Am schärfsten kritisiert er, dass der Diskurs der Regierung von ihrer Politik konterkariert wird. „Die Regierung spricht von Gleichheit. In Wirklichkeit opfern wir indigene Gemeinschaften, Minderheiten, kurzfristigen Interessen“, so Pichilingue. Yasuní löse keine Probleme, die seien struktureller Natur.

Trotz vieler Investitionen im Sozialbereich hat sich zu wenig verändert im südamerikanischen Land: „Die Ungleichheit wurde verstärkt. Die Steuerlast der größten Unternehmen ist kleiner geworden, es ist die zweitniedrigste in der Region nach Chile.“ Pichilingues Organisation CDES hat berechnet, um wie viel die Steuern erhöht werden müssten, um die Einnahmen aus Yasuní zu kompensieren: 1,5 Prozent bei den 110 reichsten Firmengruppen würden genügen. „Das Erdöl in ITT wird in 25 Jahren zur Neige gehen. Unser Vorschlag kann unendlich lange fortgesetzt werden. Plan A war das Erdöl unter der Erde zu lassen, Plan B, es zu fördern. Das ist unser Plan C.“

Pichilingue und seine MitarbeiterInnen haben ihren Vorschlag dem Parlament präsentiert, sie wissen, dass es einige Abgeordnete gibt, die sie unterstützen. Ob diese sich offen gegen den mächtigen Präsidenten stellen, ist fraglich.

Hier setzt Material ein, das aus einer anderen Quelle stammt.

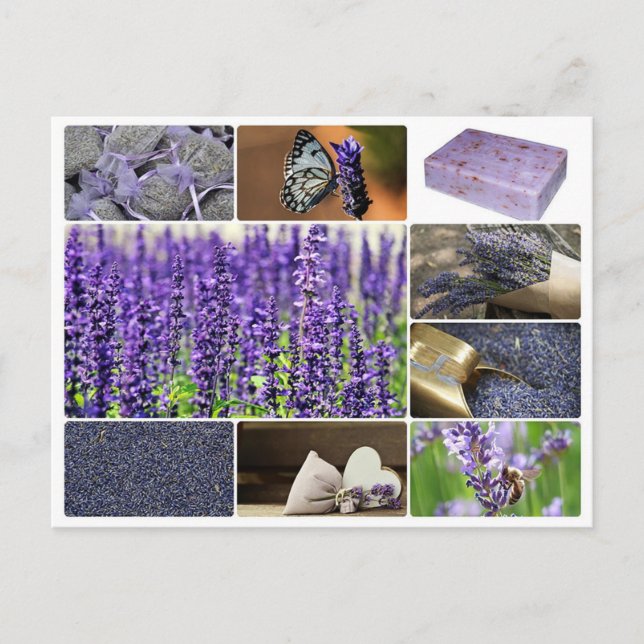 Tropisches Lavendel-Collage-Foto Postkarte (Vorderseite)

„Wenn es so weitergeht, sterben wir“, sagt Alicia Cahuiya. „Das muss die Welt wissen. Wir wollen, dass die nächsten Generationen in Frieden leben können. Das ist unser Haus, in dem wir geboren wurden. Wir wünschen uns, dass die Regierung das respektiert.“

Eduardo Pichilingue, Koordinator der Beobachtungsstelle für kollektive Rechte CDES, der sich seit 14 Jahren für die Indigenen im Amazonas einsetzt, war Mitte Mai zu Besuch in Wien.
Gemeinsam mit Alicia Cahuiya, Indigene der Gemeinschaft der Waorani und Vizevorsitzende deren Organisation, wollten sie hierzulande Bewusstsein zu schaffen für die Bedrohung, der die Indigenen im Amazonasgebiet ausgesetzt sind.